Lucia Hippolito observava que há, também, ralos derivados da força daqueles que manipulam as regras a seu favor. Neste grupo estão empresas que conseguem isenções, como as famosas instituições filantrópicas, que conquistaram o direito de não recolher à Previdência. Não é à toa aduziu Hippolito que parte delas é chamada de pilantrópica, porque a malandragem é muito grande. Tudo dentro da lei, é claro. Pertencem ainda a esse grupo os devedores históricos da Previdência, que contratam grandes advogados, apelam à Justiça e empurram com a barriga o acerto de suas contas. Mas também existem aquelas categorias espertas de funcionários públicos que aproveitam brechas nas regras para engordar seus salários, com benefícios em cascata, artifícios que dobram as aposentadorias, isonomias conquistadas na Justiça. São funcionários administrativos de empresas estatais que recebem adicional de periculosidade, só porque alguns empregados dessas empresas, que realmente correm riscos, recebem esse benefício. São pensionistas de militares que nunca lutaram na Segunda Guerra Mundial, mas conseguiram isonomia com aqueles que enfrentaram o combate. Todas as vezes que o Poder Executivo tenta controlar esses abusos, a Justiça derrota o governo e manda pagar as aposentadorias especiais.
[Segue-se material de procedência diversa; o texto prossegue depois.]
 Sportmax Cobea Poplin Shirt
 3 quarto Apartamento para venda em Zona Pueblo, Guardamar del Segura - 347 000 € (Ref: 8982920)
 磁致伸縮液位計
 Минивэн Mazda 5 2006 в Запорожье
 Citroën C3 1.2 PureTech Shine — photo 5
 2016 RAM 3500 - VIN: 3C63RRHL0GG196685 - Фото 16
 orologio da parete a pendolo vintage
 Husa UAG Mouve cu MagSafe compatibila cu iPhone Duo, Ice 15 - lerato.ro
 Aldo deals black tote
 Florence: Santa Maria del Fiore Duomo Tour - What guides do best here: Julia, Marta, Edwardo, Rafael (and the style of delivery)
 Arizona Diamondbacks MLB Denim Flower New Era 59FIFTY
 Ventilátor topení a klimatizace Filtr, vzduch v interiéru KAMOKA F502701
Diante dessa radiografia, a cientista política alertava estar na hora de começar a estancar a sangria. E insinuava que se a conjuntura pedia sacrifício, caberia aos poderes Executivo, Legislativo e Judiciário dar o exemplo, começando a cobrar de quem deve, exercer uma fiscalização mais rigorosa e acabar com os privilégios na Previdência Social. Aí a sociedade vai entender que o sacrifício é de todos, arrematou Lucia. Ninguém está iludido quanto à perspectiva de termos, agora, no governo Bolsonaro, uma reforma de excelência. Mas há a expectativa de que se terá a reforma possível nas condições de temperatura e pressão com que se move a sociedade. A reforma é urgente porque pode trazer melhor qualidade de vida e avanço dos sistemas de saúde. Com isso, as pessoas vivem mais tempo. Mas há a consciência de que o assunto não é fácil de ser encaminhado, nem aqui, nem em qualquer outro país do mundo.
Na França, como lembrou Lucia Hippolito, a previdência privada foi reformada em 1995, depois da reunião de mais de um milhão e meio de manifestantes nas ruas, com duas greves importantes. Na Áustria, que reuniu um milhão de pessoas em manifestações de rua, o tempo mínimo de contribuição, que era de 40 anos, passou a ser de 45 anos mas a transição iria se estender até o ano de 2028. A Itália, por sua vez, realizou quatro reformas em 20 anos e ainda não conseguira aumentar a idade mínima para a aposentadoria, nos primórdios dos anos 2000. Isto quer dizer que as reformas são partos com dores, pela complexidade de interesses que têm de ser atendidos. Ou seja, são reformas difíceis, mas não impossíveis. O Brasil, que pelo menos em lei aboliu a escravidão, precisa resolver a questão da Seguridade num ritmo mais veloz do que espera a sociedade há bastante tempo.